I think I see - "globally consistent" ids are assigned then both the mesh and solution vectors are written out together... then those ids are "swapped" back.

Unfortunately - that "swap" is WRONG... and can in fact change the the ids for your nodes and elements in the middle of your simulation just by writing an XDA file!

If I have nodes that are numbered 500-1000 and I write an XDA file... after the mesh.write() has completed my nodes will now be numbered 0-500!  Even if my ids are zero indexed and compact (no holes in the numbering)... if I didn't add the nodes in the order of their ids then writing an XDA file will completely scramble the numbering!

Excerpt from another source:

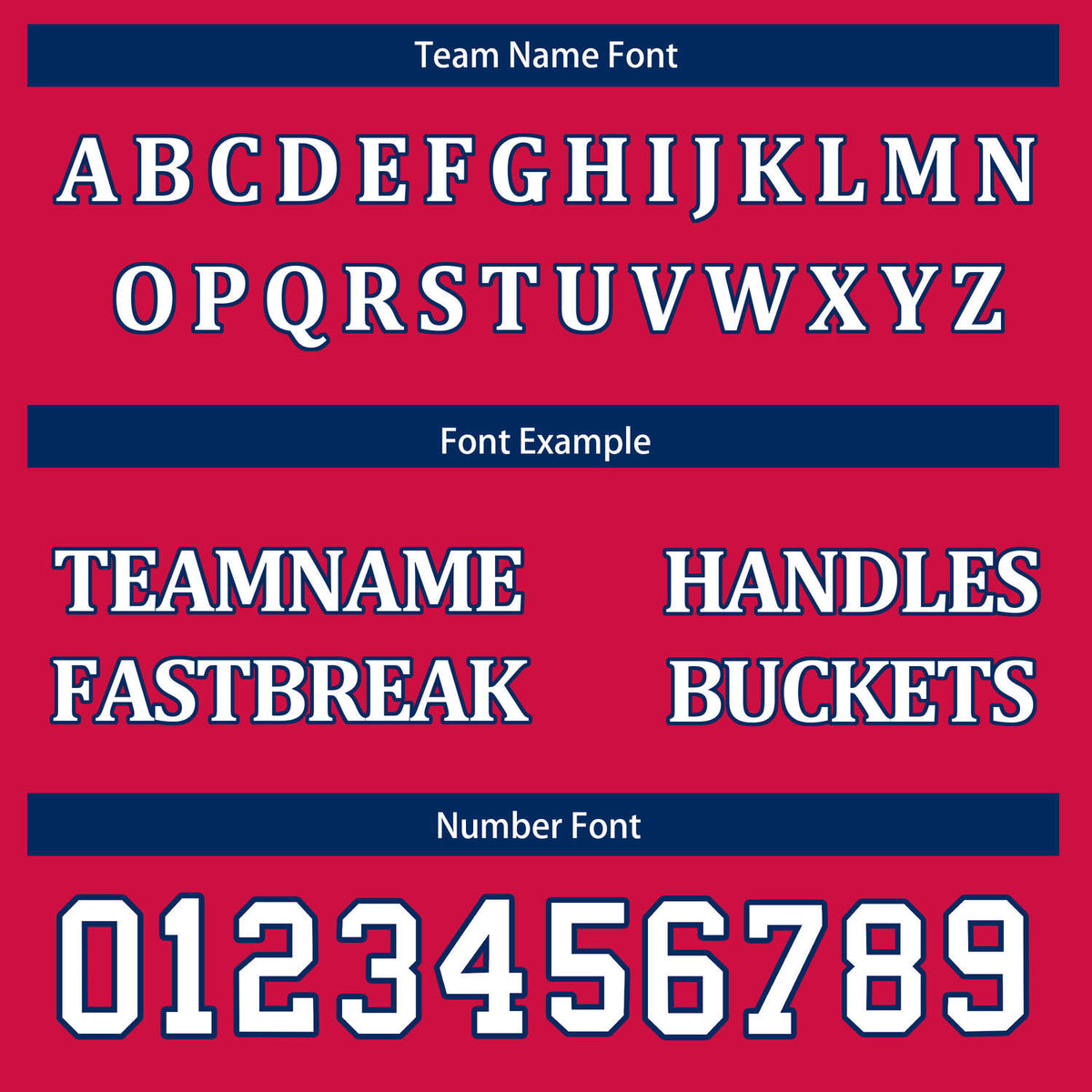 Custom Reversible Navy Red Block Basketball Jersey | Team & Player Name - Vosoli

Here's another issue: Why are we doing so much parallel communication of meshes in the case of Serial mesh?  Why doesn't processor zero just go through and write the mesh out exactly as it is to XDA?  Instead - there is a complicated routine that does a lot of parallel communication to push all of the pieces through processor 0 from all the other processors....

I tried to turn off the renumbering and un-renumbering - but it doesn't help in parallel because the parallel communication changes the order of things....

I'm halfway wondering if we should just invent a new format for restart files.  I don't see any way to fix all the issues with XDA and maintain backwards compatibility.

Is it time to just have a design discussion and lay out a new format all together?

Unfortunately this has thrown an enormous monkey wrench into my current project (doing perfect restart in MOOSE).  I thought I was 99% done (it all works in serial with compact meshes that are zero indexed... but everything is scrambled in parallel)... but I was counting on the XDA formats in libMesh working in a way that the perfect (as in an exact replica) mesh and EQSys showed up on the other side of a write a read... and it turns out not to be the case...


On Wed, Nov 6, 2013 at 5:34 PM, Derek Gaston <friedmud@gmail.com> wrote:
I don't even understand how the current stuff works at all.

Since the node and element numbers change after running the mesh through an XDA read and write - how do the dof ids match up with what was written out with EquationSystems::write()??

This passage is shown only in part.